Colonial race started. I have one province in Guyana I took from France (there's almost no AE for that), and 2 colonies being built in the Caribbean.

Stupid Pope decided that Portugal built CN in Caribbean first, so if I create any new colonies there, that means basically zero papal influence going forward.
Castile is about to finish Brazil CN, they'll get regional claim too. I guess I should conquer Mexico or something before all the clay is claimed.
They have 3 colonists each and a big headstart, while I only have 1 so far.

Saturday, December 25, 2021

Montferrat: Part 08: 1524-1530: Aragonese War of Independence

The hardest wars are ones where AI is the warleader. The fight was against Castile, Mamluks, Mantua, and Florence.
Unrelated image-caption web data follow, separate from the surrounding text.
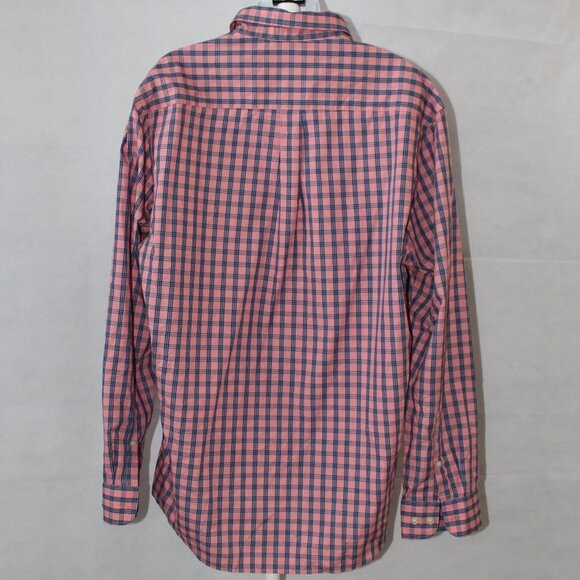Greg Norman Men’s Long Sleeve Button Down Shirt Pink Navy Plaid Striped Size XL - Picture 6 of 8
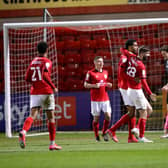 Crewe Alexandra's Mikael Mandron (centre left) celebrates scoring. Pictures: PA.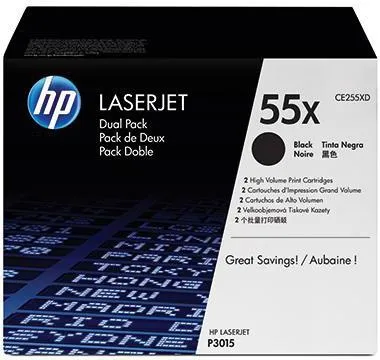 HP Toner CE255XD 55X 12.500Seiten schwarz 2 St./Pack.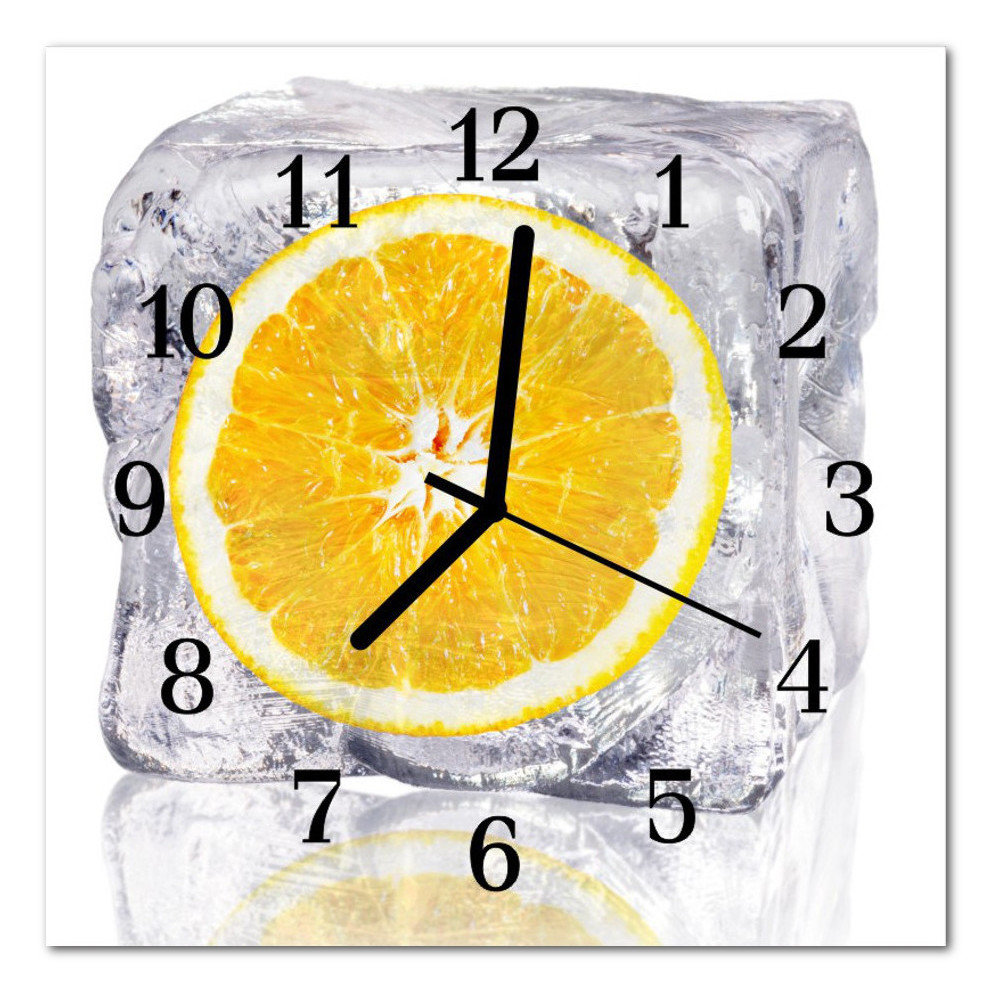 Zegar szklany ścienny Lody pomarańczowe Orange Lód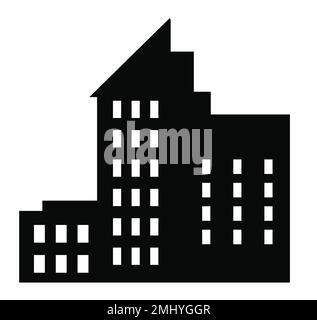 This set of illustrations features a black skyscraper and low-rise building, both silhouetted against the backdrop of city buildings Stock Vector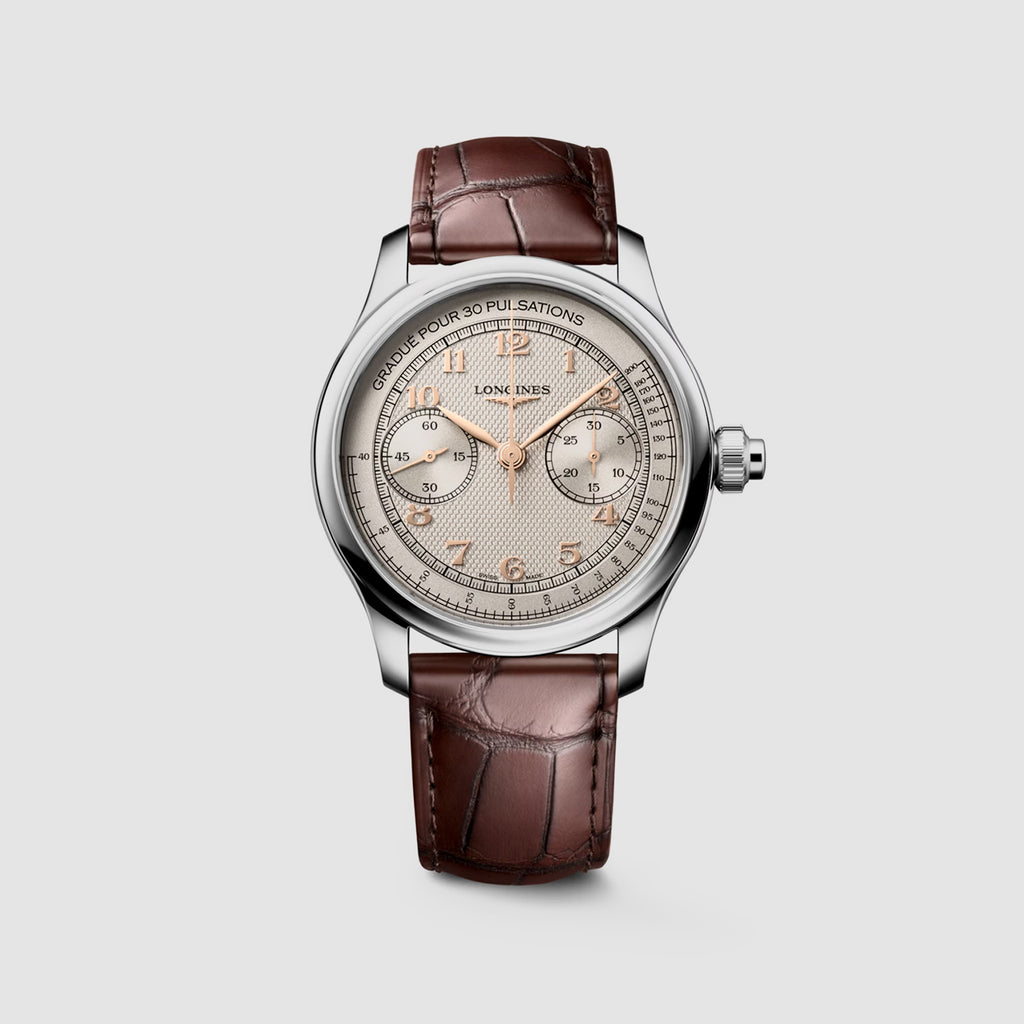 Master Monopusher Men Automatic Ivory Dial Chronograph Leather Watch L29604782
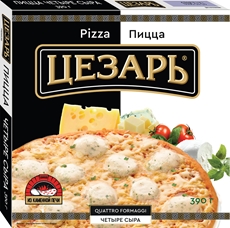 Пицца Цезарь Четыре сыра замороженная, 390г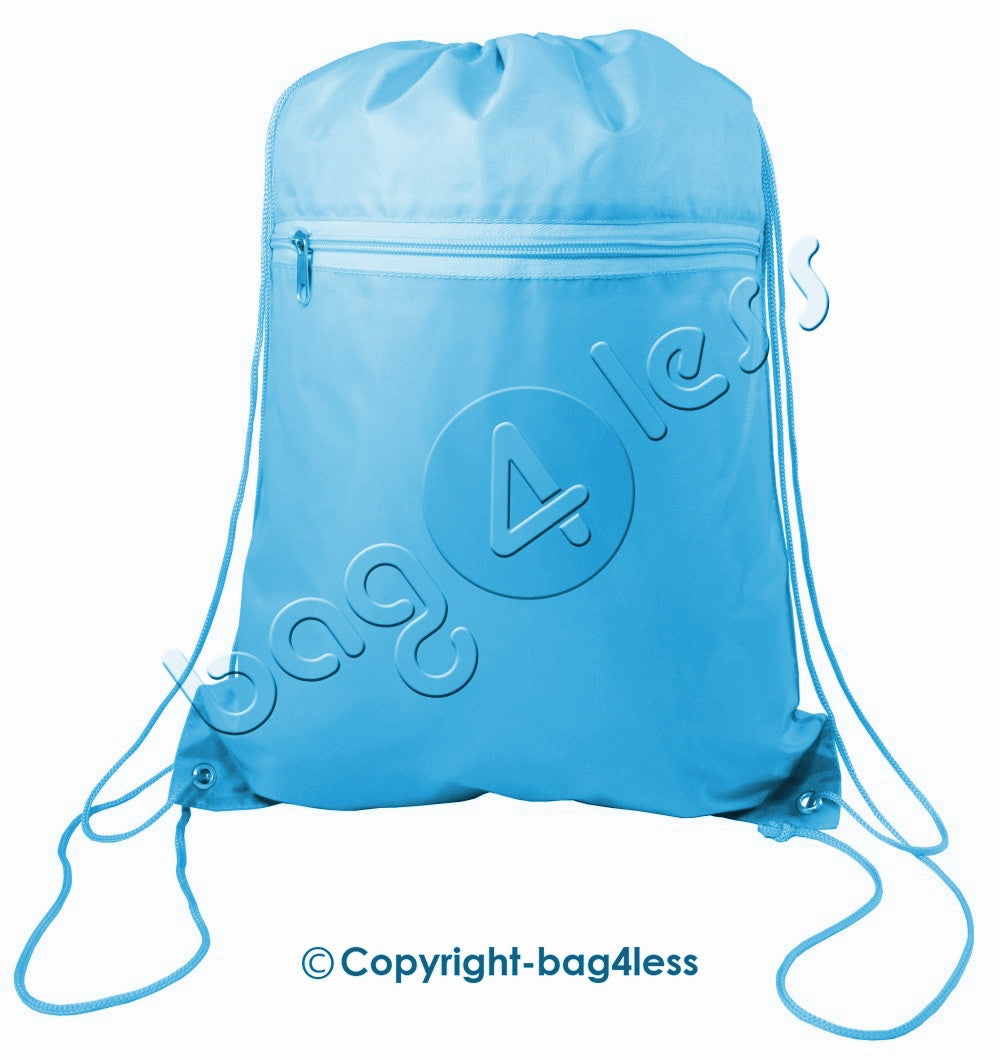 Promotional Wholesale Polyester Drawstring Bag Front Pocket Sapphire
Mantua, Florence, and Castilian holdings in Italy were easy pickings. Unfortunately Mamluks and Castile were both much stronger than me on the seas, so I couldn't do much about Mamluk attacks on Anatolia and Sicily. I tried to do some naval warfare, but I ended up losing almost all of my war fleet. No big deal, as I was about to unlock next tier of ships anyway, so they'd be all useless. I only had 1 Barque and 5 Galleys left after the war, which I all sold to Aragon, and built new navy from scratch.

During the war I got just over 1000dev and made myself emperor. I also finished convincing Candar to become my vassals while the war was going on, but really they just offered more free warscore for the Mamluks, so maybe it was a bad timing.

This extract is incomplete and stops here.